┏━━

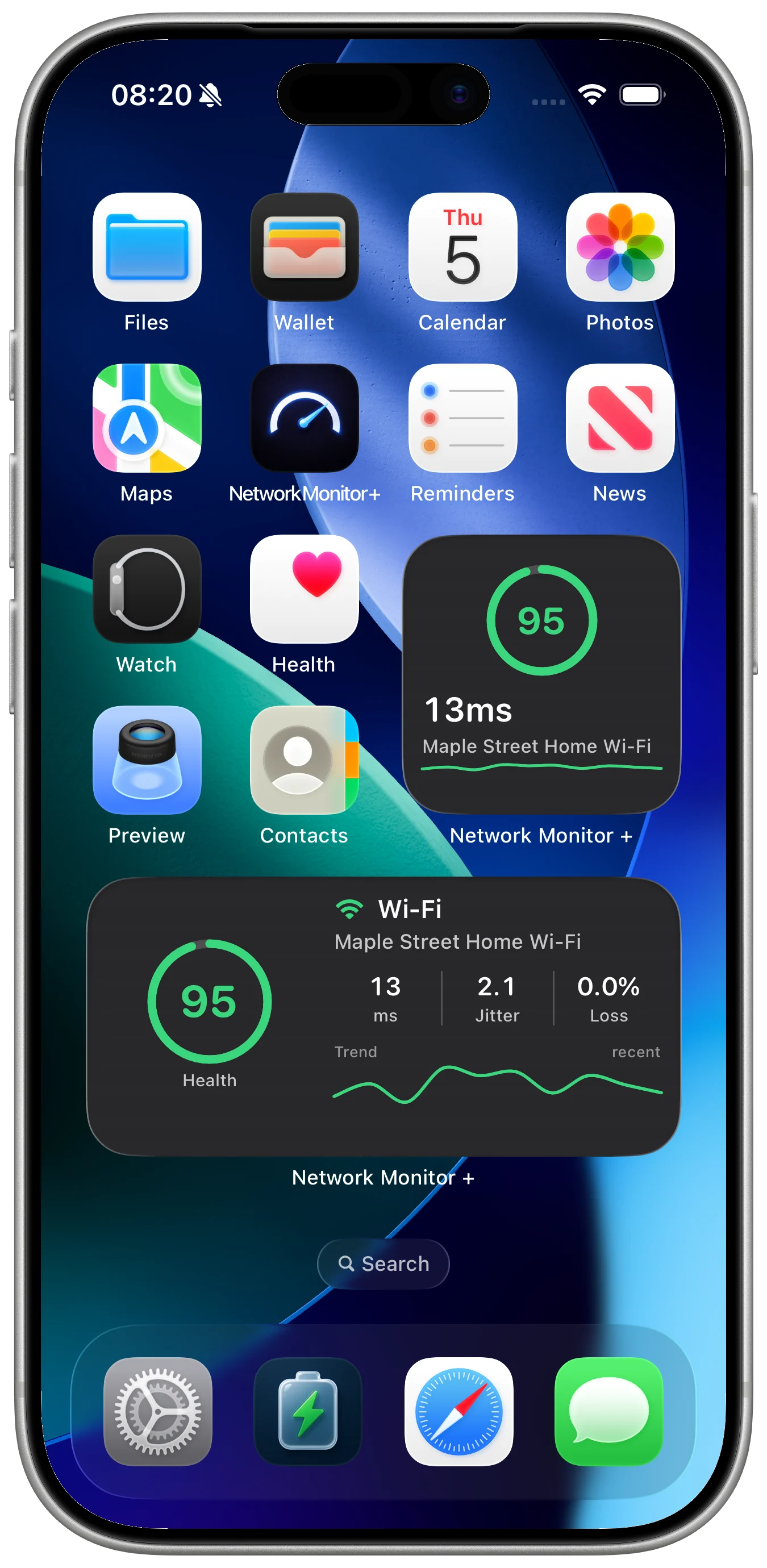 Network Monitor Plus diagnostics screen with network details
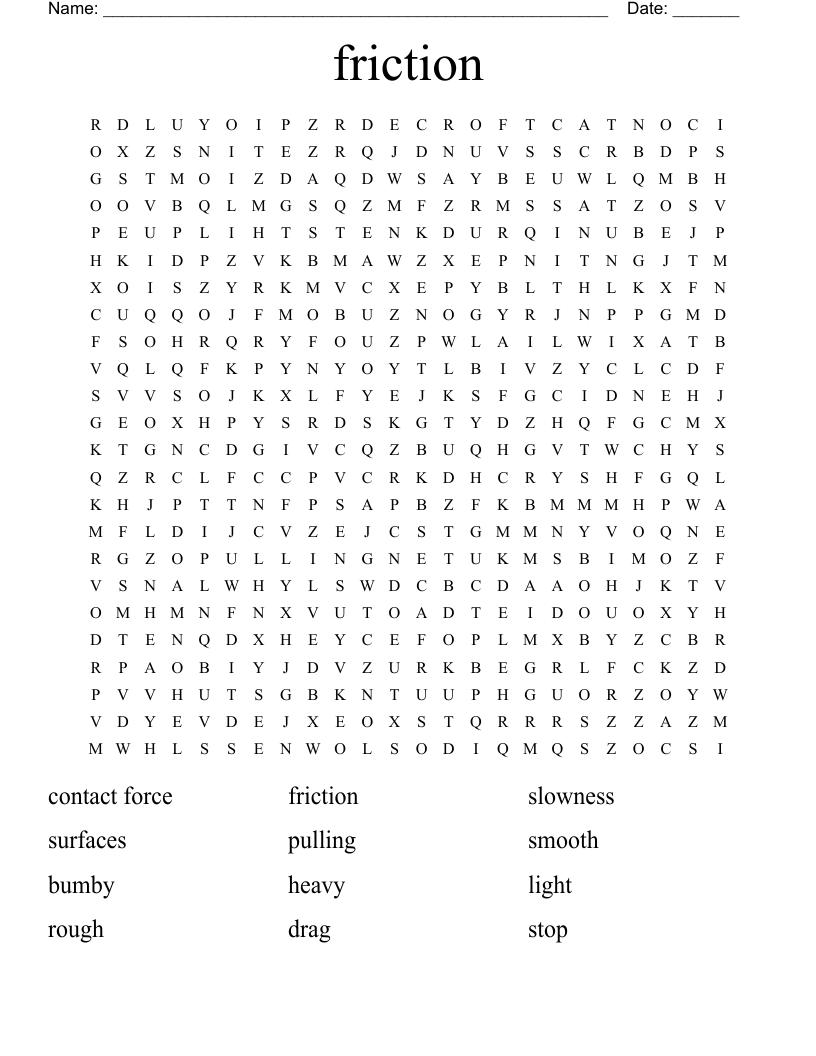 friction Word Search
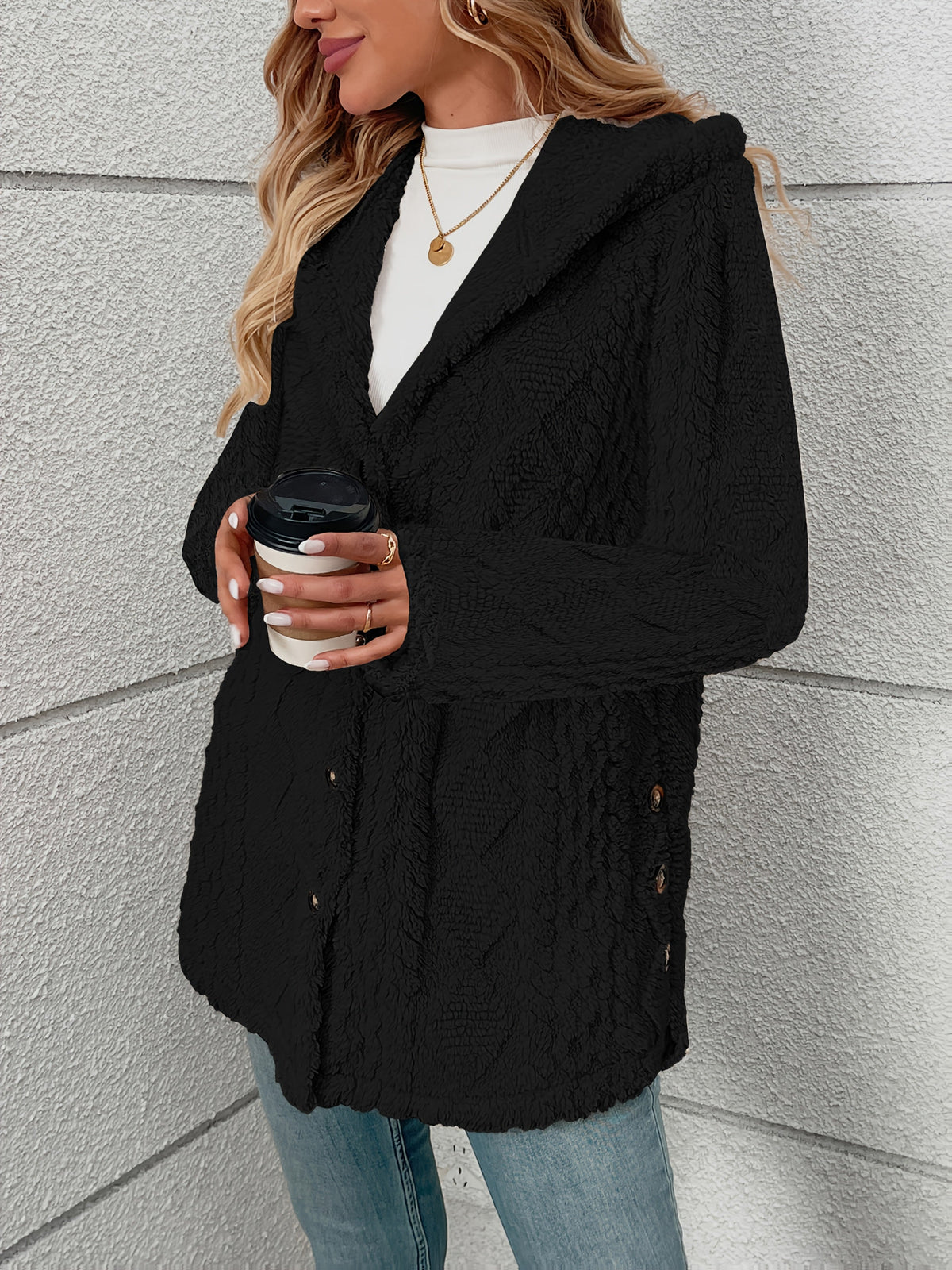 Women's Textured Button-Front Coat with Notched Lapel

┗━━

When you write out the material above, keep every line exact and drop each picture.

**ANSWER SPACE**
 Network Monitor Plus diagnostics screen with network details
 friction Word Search
 Women's Textured Button-Front Coat with Notched Lapel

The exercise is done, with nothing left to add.